The genetic algorithm library exposes the Selector, Mutator, Evaluator, and Recombinator traits which allow the rules of evolution to be arbitrarily defined for any problem. A Population may then be evolved according to these defined rules.

  • Evaluator: Maps each individual in the population to an evolutionary fitness score, which represents the likilihood an individual will survive and reproduce (ie. analogue of survival of the fittest).
  • Selector: Defines which individuals are selected for reproduction (ie. analogue of natural selection).
  • Recombinator: Defines how two parents who have been selected for reproduction produce offspring (ie. analogue of cellular reproduction).
  • Mutator: Defines how an individual’s genome is mutated. Essential to encourage diversity and variation within a population (ie. analogue of cellular mutation).

For example, consider the problem of function maximization. Suppose we would like to maximize some function \(f \colon \mathbb{R} \mapsto \mathbb{R}\) over some interval \((from, until) \subset \mathbb{R}\) but \(f\) is not differentiable. Clearly, the standard method of locating maxima by finding points at which the derivative vanishes is not applicable. However, we may still use a genetic algorithm if we first define the rules of evolution in the context of function maximization. We construct a population of randomly selected points \(x \in (from, until)\) and define the evaluator to be \(eval(x) = f(x)\), the recombinator to be the average \(recombine(x_1, x_2) = \frac{x_1 + x_2}{2}\), the mutator to jitter by a gaussian random \(mutate(x) = x + \epsilon\) for \(\epsilon ~ N(0, 1)\), and the selector to be a standard Tournament Selector.

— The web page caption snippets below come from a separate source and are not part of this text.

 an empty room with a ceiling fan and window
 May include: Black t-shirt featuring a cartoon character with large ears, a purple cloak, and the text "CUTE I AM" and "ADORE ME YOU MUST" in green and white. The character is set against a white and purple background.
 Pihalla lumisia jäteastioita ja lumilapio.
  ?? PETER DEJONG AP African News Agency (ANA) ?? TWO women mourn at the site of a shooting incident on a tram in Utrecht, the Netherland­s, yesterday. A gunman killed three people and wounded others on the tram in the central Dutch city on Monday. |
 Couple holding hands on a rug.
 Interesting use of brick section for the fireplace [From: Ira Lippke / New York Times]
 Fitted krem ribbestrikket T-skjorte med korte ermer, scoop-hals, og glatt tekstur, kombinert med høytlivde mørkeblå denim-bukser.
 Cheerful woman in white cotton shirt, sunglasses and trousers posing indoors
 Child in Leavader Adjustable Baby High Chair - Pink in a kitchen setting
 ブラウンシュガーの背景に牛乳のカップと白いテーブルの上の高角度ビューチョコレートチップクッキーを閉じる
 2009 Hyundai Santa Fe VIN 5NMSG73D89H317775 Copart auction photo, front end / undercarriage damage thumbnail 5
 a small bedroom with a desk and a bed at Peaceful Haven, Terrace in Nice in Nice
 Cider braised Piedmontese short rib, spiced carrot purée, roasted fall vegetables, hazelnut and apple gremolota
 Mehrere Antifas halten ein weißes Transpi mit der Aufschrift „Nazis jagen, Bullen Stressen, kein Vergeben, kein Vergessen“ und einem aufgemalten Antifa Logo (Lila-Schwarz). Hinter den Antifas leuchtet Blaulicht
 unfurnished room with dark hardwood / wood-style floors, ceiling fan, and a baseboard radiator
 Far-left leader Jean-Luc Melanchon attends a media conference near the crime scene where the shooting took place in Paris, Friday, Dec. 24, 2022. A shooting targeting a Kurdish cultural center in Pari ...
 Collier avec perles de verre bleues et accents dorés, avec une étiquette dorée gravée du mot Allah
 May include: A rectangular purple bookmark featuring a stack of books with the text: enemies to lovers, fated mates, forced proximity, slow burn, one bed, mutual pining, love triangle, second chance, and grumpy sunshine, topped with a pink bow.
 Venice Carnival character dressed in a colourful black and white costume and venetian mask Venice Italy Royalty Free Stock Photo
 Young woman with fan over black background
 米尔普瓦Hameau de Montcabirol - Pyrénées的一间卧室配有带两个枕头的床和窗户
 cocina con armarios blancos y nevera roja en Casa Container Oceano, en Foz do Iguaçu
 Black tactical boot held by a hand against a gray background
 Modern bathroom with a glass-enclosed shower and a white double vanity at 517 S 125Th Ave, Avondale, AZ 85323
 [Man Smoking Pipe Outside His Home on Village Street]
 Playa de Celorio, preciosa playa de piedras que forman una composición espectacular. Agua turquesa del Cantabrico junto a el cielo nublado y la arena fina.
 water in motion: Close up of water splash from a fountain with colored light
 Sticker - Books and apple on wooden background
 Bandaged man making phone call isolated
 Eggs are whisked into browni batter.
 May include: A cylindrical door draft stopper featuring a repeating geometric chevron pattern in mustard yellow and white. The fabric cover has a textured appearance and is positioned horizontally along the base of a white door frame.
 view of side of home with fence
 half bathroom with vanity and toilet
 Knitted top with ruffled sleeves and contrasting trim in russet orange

val generator  = Rand.uniform.map(_ * (until - from) + from)
var population = Population(Seq.fill(100)(generator.draw()))

(1 to 50).foreach { _ =>
  population = population.evolve(
    selector = new TournamentSelector(5),
    recombinator = (f, m) => (f + m) / 2.0,
    mutator = x => x + Rand.gaussian.draw(),
    evaluator = x => f(x),
  )
}

population.members.maxBy(f)

Future Work

The next challenge of Swara will be to build the swara-core library, which will apply the swara-music and swara-learn libraries to build exciting musical technologies like:

  • Algorithmic Composition: Generating original, but representative scores of music. Create a SoundCloud Profile with entirely computer generated content.
  • Fingerprinting: Generating a musical fingerprint, or identifier, which uniquely define a piece of music. This fingerprint can then be used to perform musical identification and search (like Shazam).
  • Musical Translation: Extracting musical information from audio input sources. It is the musical analogue of speech-to-text.